Tube Cleaners-tube cleaning demands vary widely by application
Shell and tube heat exchangers, condensers and chillers: Deposits are typically sediment from impurities in the water circulating through the tubes. Manual scrubbing with a wire brush attached to a long rod is the traditional method of cleaning. Modern methods involve pneumatic or electric motors to pulsate the brush automatically with a medium pressure water jet to further clean out residual deposits.

Tube Testers- Use air pressure or vacuum to test for leaks, cracks, and material failures in a tube. Both manual activated and air activated models are available.
To test for leaks in tubes, two operators are required with an operator at each end of the vessel.
Step 1 - Seal the tube at both ends.
Step 2 - Build air pressure or vacuum in the tube.
Step 3 - Observe gauge to see if air pressure is dropping or vacuum is not holding.

Tube Plugs(Repair)- To regain efficiency of a heat exchanger or chiller, tube plugs are installed to take leaky tubes out of service. The rule of thumb is that a vessel will need to be retubed after approximately 10% of the tubes have been plugged.
Tubes need to be plugged at both ends of the pressure vessel.

It is a good practice to:
Install a plug that is the same as or a compatible material to the tube and tube sheet. Puncture the leaky tube using a one revolution tube cutter to relieve back pressure. Some contractors weld the tube plugs to the tube sheet after they are installed to permanently secure the plugs in place.
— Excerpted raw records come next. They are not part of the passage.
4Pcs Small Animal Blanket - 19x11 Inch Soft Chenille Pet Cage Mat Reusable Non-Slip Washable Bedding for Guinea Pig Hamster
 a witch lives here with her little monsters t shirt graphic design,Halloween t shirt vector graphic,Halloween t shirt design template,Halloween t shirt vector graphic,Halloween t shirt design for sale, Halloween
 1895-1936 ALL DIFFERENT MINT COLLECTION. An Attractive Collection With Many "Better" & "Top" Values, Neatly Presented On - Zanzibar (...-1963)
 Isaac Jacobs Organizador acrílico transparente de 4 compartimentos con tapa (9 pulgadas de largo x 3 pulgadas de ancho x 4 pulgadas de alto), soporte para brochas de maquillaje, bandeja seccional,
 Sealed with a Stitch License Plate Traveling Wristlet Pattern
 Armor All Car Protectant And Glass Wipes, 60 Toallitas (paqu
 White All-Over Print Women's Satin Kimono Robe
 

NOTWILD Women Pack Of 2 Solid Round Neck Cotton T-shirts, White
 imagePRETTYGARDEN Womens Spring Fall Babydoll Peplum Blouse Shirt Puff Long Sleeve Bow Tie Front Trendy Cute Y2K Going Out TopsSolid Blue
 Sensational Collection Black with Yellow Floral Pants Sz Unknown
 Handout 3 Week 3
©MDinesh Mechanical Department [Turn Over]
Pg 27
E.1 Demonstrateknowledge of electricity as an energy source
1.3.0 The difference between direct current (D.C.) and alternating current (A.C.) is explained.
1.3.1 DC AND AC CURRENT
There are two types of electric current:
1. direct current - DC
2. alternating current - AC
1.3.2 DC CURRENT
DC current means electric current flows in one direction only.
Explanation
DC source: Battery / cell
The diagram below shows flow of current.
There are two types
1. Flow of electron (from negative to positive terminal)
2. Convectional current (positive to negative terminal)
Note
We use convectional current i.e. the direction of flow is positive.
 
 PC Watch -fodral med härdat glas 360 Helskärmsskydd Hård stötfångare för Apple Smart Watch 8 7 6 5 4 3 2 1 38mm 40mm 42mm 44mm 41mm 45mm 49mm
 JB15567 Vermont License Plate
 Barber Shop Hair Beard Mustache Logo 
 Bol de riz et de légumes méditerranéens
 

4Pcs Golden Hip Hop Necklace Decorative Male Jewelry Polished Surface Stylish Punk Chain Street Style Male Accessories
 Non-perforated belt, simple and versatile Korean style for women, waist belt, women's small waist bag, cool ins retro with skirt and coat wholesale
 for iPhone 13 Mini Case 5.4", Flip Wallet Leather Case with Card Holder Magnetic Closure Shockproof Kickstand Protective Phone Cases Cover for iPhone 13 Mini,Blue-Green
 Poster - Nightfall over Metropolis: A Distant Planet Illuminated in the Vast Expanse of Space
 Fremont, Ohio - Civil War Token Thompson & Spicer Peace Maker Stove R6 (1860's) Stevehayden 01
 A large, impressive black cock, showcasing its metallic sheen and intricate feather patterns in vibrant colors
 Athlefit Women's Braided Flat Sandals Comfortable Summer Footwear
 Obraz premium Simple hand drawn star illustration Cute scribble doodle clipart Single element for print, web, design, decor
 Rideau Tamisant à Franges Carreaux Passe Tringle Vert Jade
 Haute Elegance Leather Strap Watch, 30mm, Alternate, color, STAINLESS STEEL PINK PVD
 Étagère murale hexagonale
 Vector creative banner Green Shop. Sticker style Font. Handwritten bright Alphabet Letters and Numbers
Tube Removers-One or a combination of the three below methods is used to remove a tube from a boiler or chiller vessel

- Tube Cutters- Tube Cutters are used to internally cut from the inside to the outside of the tube behind the tube sheet on one end. This lessens the force required to pull a tube. To eliminate tube cutting chips in the vessel, tubes should be scored and not totally cut through. The tube cutter needs to have sufficient reach to cut behind the tube sheet. Proper lubrication and cutting speed will increase cutting blade life.
- Tube Pullers- Used to break the seal and pull expanded tubes from a tube sheet. A spear or expanding collet is inserted and engaged into the tube inner diameter. A ram or gun applies force to exert an extracting force on the tube. The power to pull the tube is generated manually or through a hydraulic pump. The hydraulic pump can be manually, electrically or pneumatically driven. The pulling force required will vary with the tube size and wall, the depth of the tube sheet and tube material.
- Pneumatic Hammers-Pneumatic Hammers are an alternative method to remove tube stubs from heat exchangers and boilers. Maintenance technicians use piloted knockout tools to avoid damage to the tube sheet. The knockout tool is inserted into the tube and the impact pneumatic hammer is actuated to punch out the tube stub.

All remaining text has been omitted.